Jury selection begins when the court clerk calls the jury assembly room to have a panel of prospective jurors sent to the courtroom. In a typical criminal case, the panel is composed of 30 to 35 prospective jurors. Prospective jurors are obtained from the property tax rolls, department of motor vehicle driver rolls, and the registered voter rolls. Persons summoned receive a court order to appear for jury duty, unless disqualified or excused. Everyone is eligible to be a trial juror, except non-residents of California, non-residents of the county, non-citizens, minors (under age 18), convicted felons, persons who do not possess a sufficient knowledge of English, persons already serving as a trial grand juror, and persons who are the subject of a conservatorship.
Once the panel of prospective jurors are brought into the courtroom, they are seated, welcomed by the judge and then administered an oath to truthfully answer all of the questions concerning their qualifications to be a juror. The initial group is composed of 18 prospective jurors: twelve in the jury box and six seated in front of the box.
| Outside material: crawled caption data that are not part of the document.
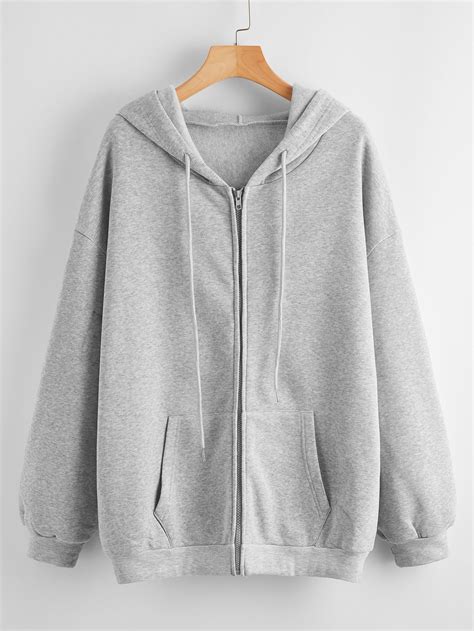 Solid Zip Up Drawstring Hooded Sweatshirt | Sweatshirts women, Outfits ...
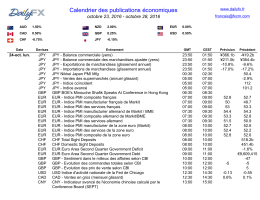 Calendrier des publications &eacute;conomiques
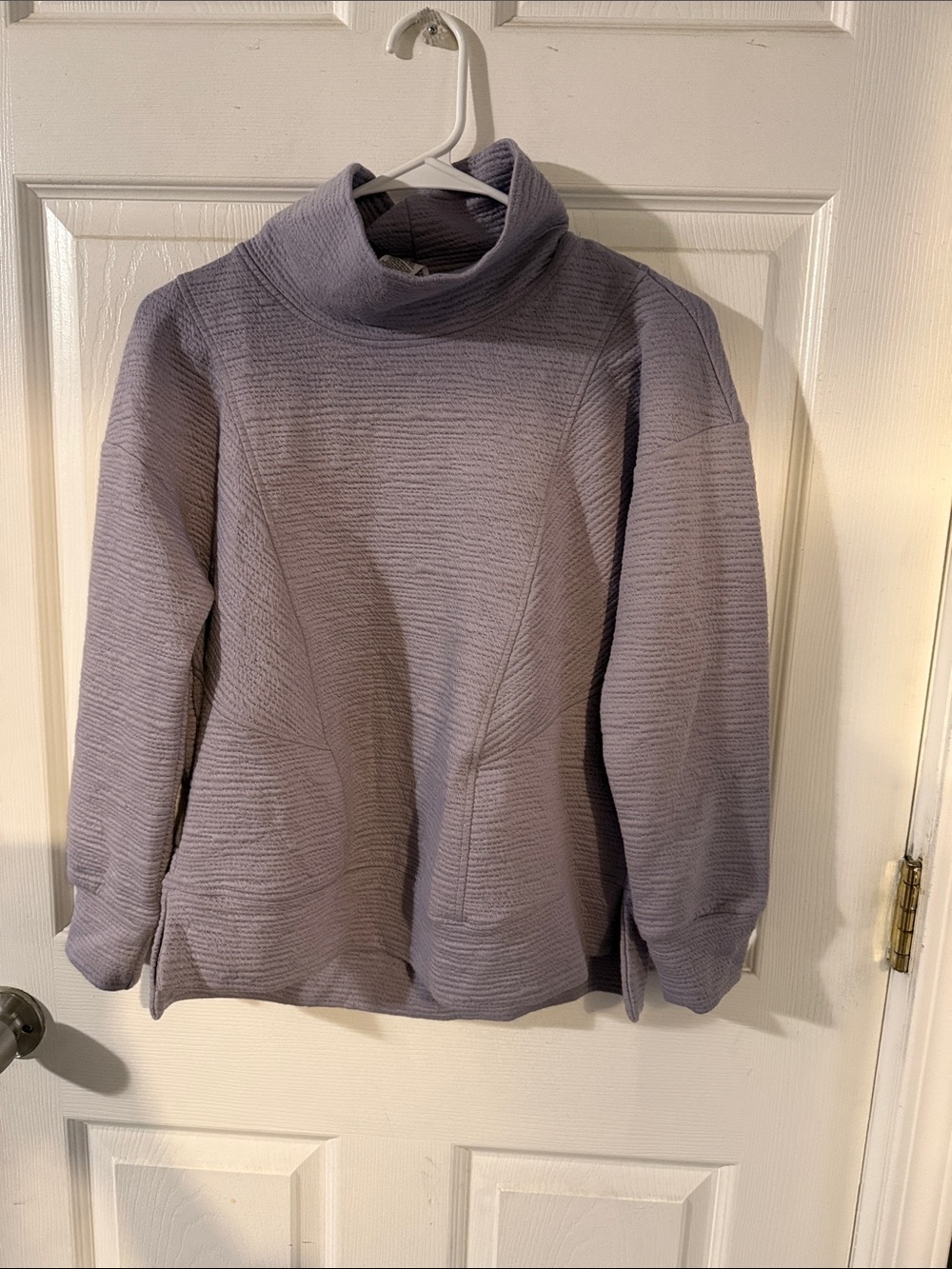 RBX Lavender Textured Turtleneck Pullover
Once the first group of prospective jurors are seated, the judge gives a brief introduction to the case by introducing the attorneys, the court staff, the defendant and the witnesses; then, the judge explains the charges, the burden of proof and how voir dire will proceed. The judge then orally examines each juror individually in open court on the record. Once that is completed, the judge allows the attorneys to examine the prospective jurors.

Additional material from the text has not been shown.